### EXERCISE GOAL:
The listing below should be printed exactly, though its pictures must not be.

### INFORMATION PROVIDED:
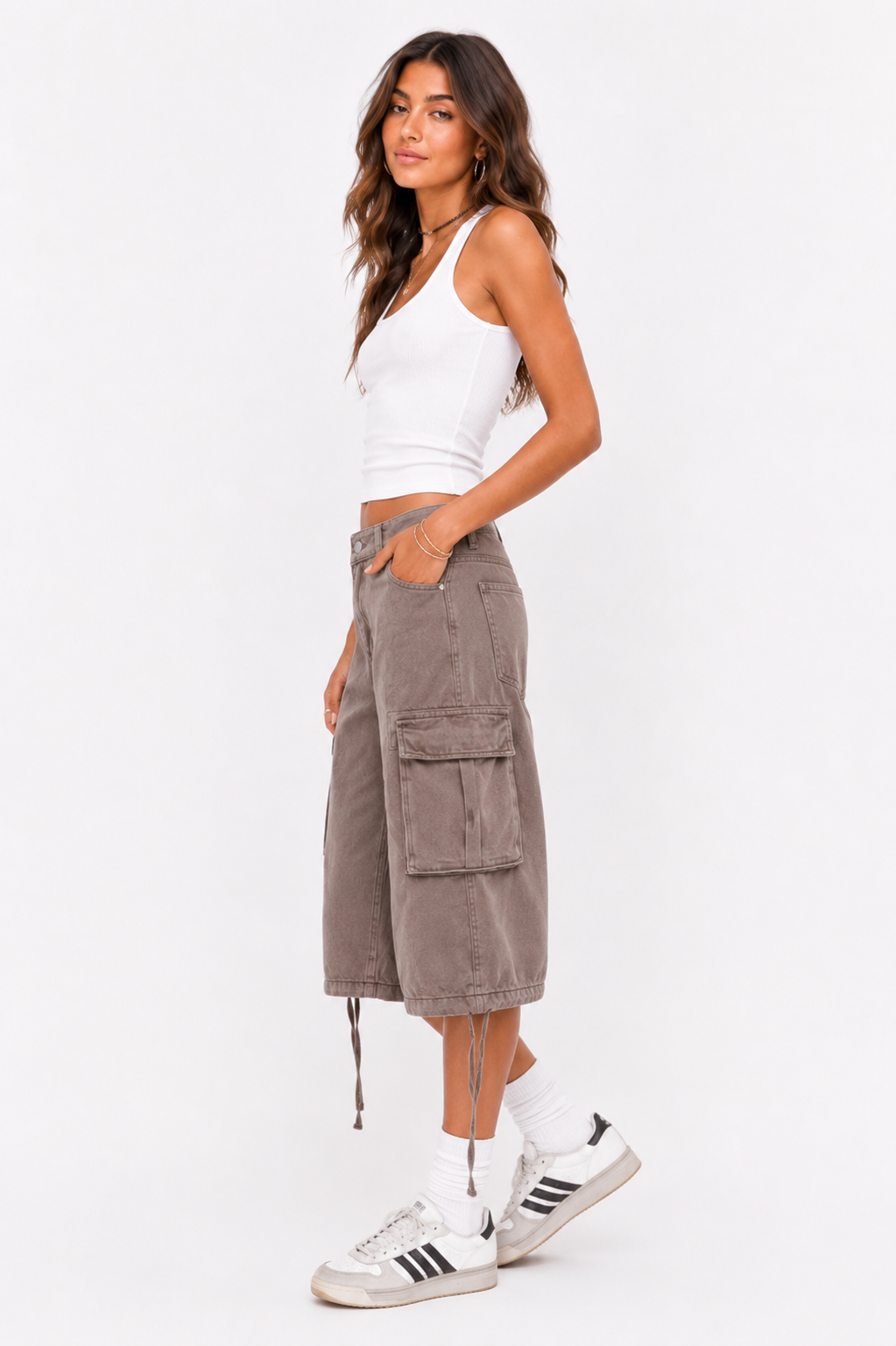 Harper™ – Urban Cargo Cropped Pants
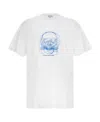 Alexander Mcqueen Skull-print Cotton T-shirt In White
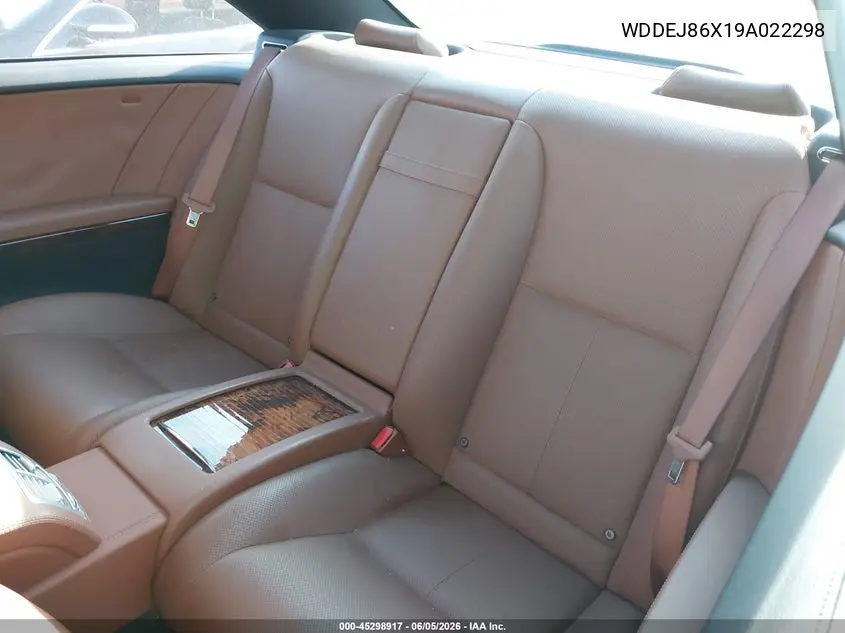 2009 Mercedes-Benz Cl 550 4Matic VIN: WDDEJ86X19A022298 Lot: 45298917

### ANSWER SPACE:
 Harper™ – Urban Cargo Cropped Pants
 Alexander Mcqueen Skull-print Cotton T-shirt In White
 2009 Mercedes-Benz Cl 550 4Matic VIN: WDDEJ86X19A022298 Lot: 45298917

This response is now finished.